A practical guide to thinking in probabilities instead of certainties — the single most important skill for making better decisions under uncertainty. Covers Bayesian reasoning, calibration, base rates, expected value, and practical exercises.
- Why Probabilistic Thinking?
- Core Concepts
- Practical Applications
- Common Probability Mistakes
- Exercises
- Resources
- License
The world is uncertain. Yet most people think in black and white: "It will work" or "It won't work." "The market will go up" or "The market will go down."

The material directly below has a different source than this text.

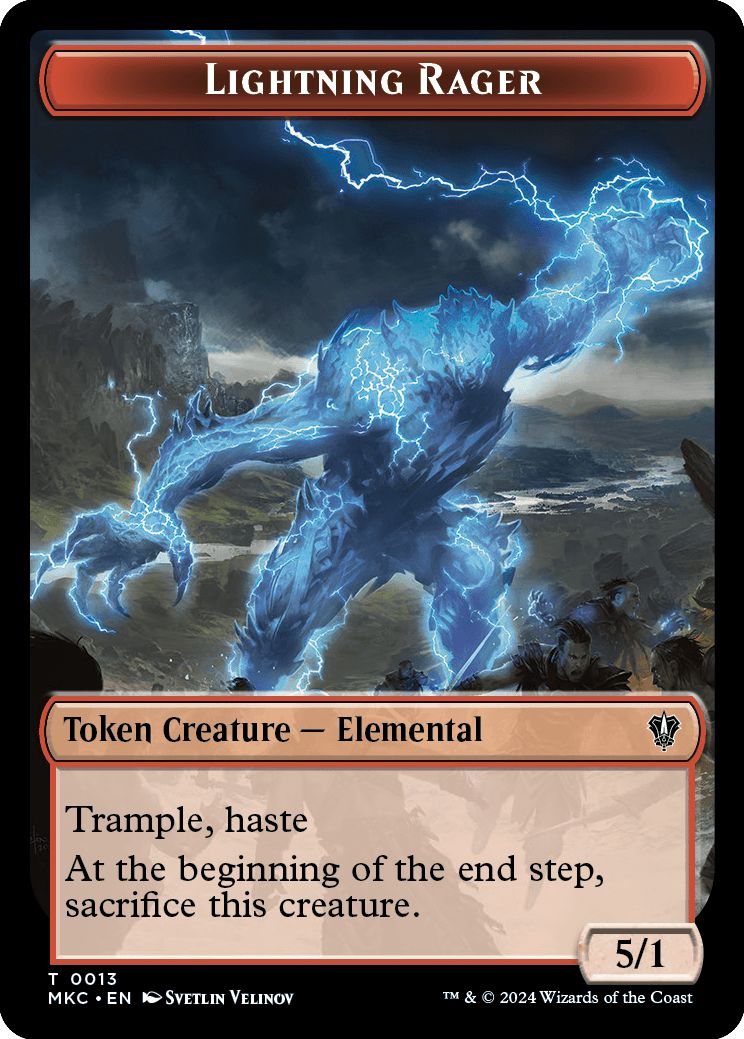 (英)稲妻の憤怒獣トークン / Lightning Rager Token No.013 - 金トークン / Gold Token【MKC-TOKEN】 No.025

Probabilistic thinkers say: "There's a 70% chance it will work, a 20% chance of partial success, and a 10% chance of failure. Given those probabilities, the expected value is positive."
This matters because:
- Better calibration — You're less often surprised
- Better decisions — Expected value beats gut feeling
- Less overconfidence — You acknowledge what you don't know
- Better communication — "I'm 80% confident" is more useful than "I think so"
- Faster updating — New information adjusts your probabilities, not your identity
"The test of a first-rate intelligence is the ability to hold two opposed ideas in the mind at the same time and still retain the ability to function." — F. Scott Fitzgerald
Instead of: "This project will take 3 months" Say: "There's a 50% chance it takes 2-4 months, a 90% chance it takes 1-6 months"

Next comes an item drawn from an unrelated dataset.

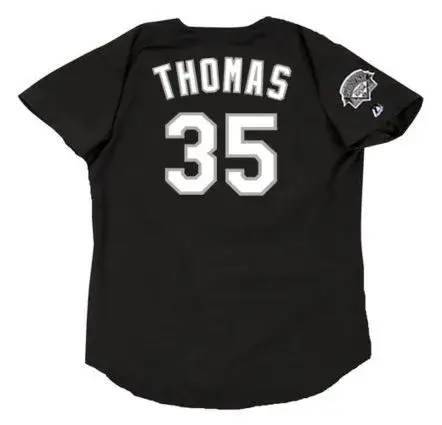FRANK THOMAS Chicago White Sox 1991 Majestic Throwback Baseball Jersey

Instead of: "The stock is worth $50" Say: "I estimate it's worth $40-$65, with my best guess at $50"
Template:
## Probability Range: [Estimate]
| Confidence | Range |
|:-:|:-:|
| 50% (likely range) | [low] to [high] |
| 80% (wider range) | [low] to [high] |
| 95% (almost certain) | [low] to [high] |
| Best single estimate | [point] |Why ranges matter:
- A single point estimate hides your uncertainty
- Ranges communicate how much you know (and don't)

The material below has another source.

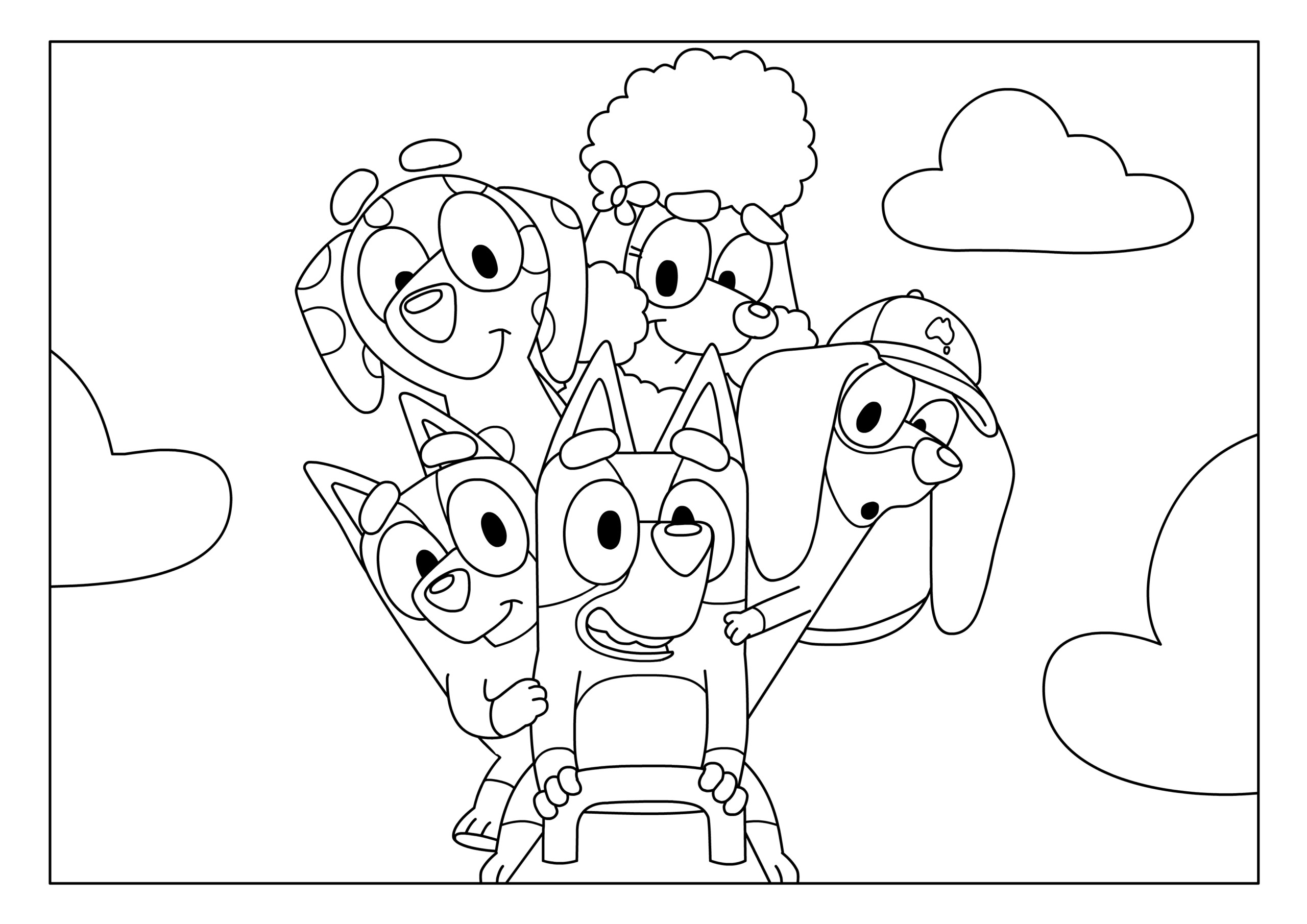 Bluey Printable Images Free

- Wide ranges = low confidence = more investigation needed
- Narrow ranges = high confidence (but check for overconfidence)
Before analyzing the specific case, ask: "What usually happens in situations like this?"
The formula:
Start with the base rate
+ Adjust for specific evidence
= Better estimate
Examples:
| Question | Your Intuition | Base Rate | Adjusted Estimate |
|---|---|---|---|
| Will my startup succeed? | "Probably!" (80%) | ~10% survive 5 years | 15-25% (if you have strong evidence) |
| Will this hire work out? | "Great interview!" (90%) | ~50% of hires succeed long-term | 60-70% |
| Will this project be on time? | "Definitely" (95%) | ~70% of projects are late | 50-60% |
| Will this relationship last? | "Forever!" (99%) | ~40-50% of marriages end in divorce | 60-70% |
The key: Your specific evidence should SHIFT the base rate, not REPLACE it. A great interview doesn't make a hire 90% likely to succeed — it moves the base rate from 50% to maybe 65%.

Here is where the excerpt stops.